Work instruction — Starting at the line with "this 1200×800 image.", return every line through the final one of the data, word for word. Pictures stay out.

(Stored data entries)
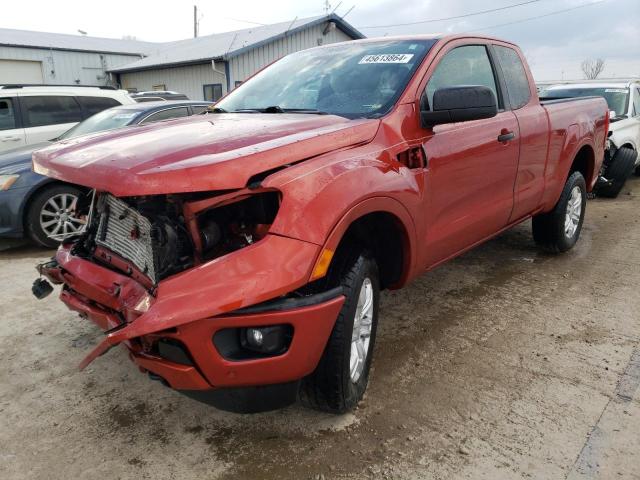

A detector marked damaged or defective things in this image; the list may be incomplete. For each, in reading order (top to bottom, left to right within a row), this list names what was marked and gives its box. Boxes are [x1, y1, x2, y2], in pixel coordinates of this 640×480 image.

crumpled hood [0, 142, 51, 175]
crushed front end [36, 189, 344, 410]
crumpled hood [32, 113, 380, 196]
damaged red pickup truck [32, 36, 608, 412]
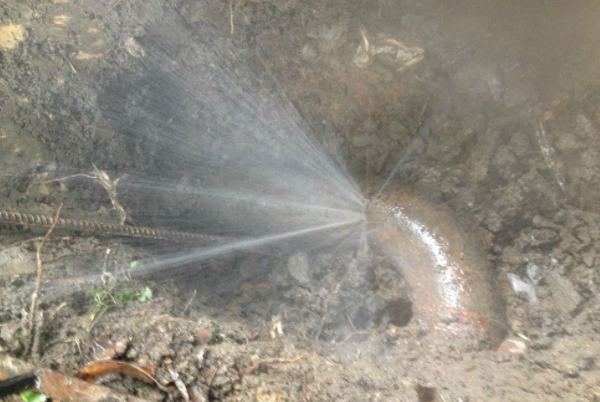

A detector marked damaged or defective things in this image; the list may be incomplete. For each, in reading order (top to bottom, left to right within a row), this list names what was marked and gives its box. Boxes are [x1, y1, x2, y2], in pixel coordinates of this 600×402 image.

pipe corrosion [0, 212, 227, 243]
corroded metal pipe [0, 212, 227, 243]
pipe corrosion [368, 191, 504, 346]
corroded metal pipe [368, 191, 508, 346]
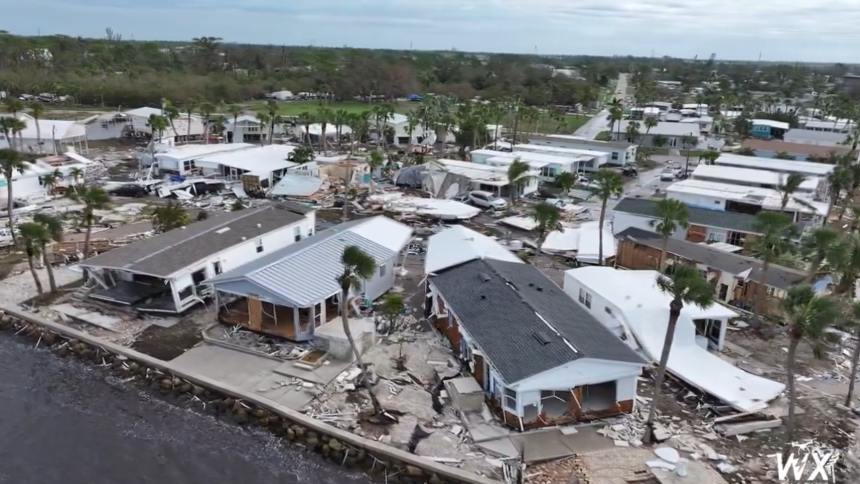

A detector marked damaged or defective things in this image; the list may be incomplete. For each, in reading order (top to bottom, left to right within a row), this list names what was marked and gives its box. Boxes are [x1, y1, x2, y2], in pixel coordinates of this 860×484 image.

flood-damaged structure [79, 203, 314, 314]
bent metal roof [434, 260, 640, 384]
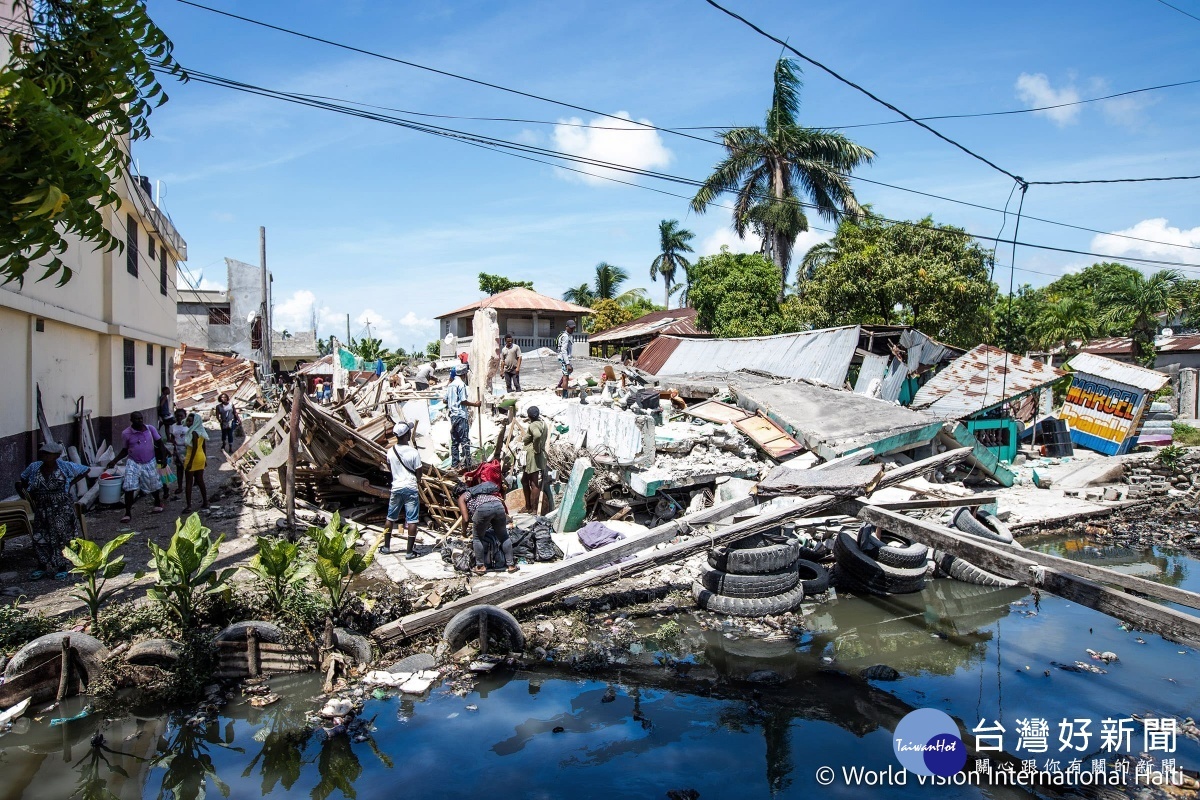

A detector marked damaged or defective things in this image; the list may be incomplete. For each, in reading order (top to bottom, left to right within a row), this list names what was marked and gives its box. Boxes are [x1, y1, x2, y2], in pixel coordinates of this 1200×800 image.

broken concrete slab [732, 382, 948, 462]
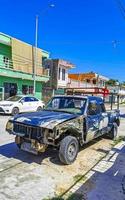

Exercise response —
A detector marked damaged or defective things in this image; the list may be incomplete. For each, in reading order (top to bottom, left to right within a row), this list names what was marked and gives its box. Boxes are [x1, y1, x2, y2], in pixel coordinates of this 1200×800 image.

broken concrete slab [732, 382, 948, 462]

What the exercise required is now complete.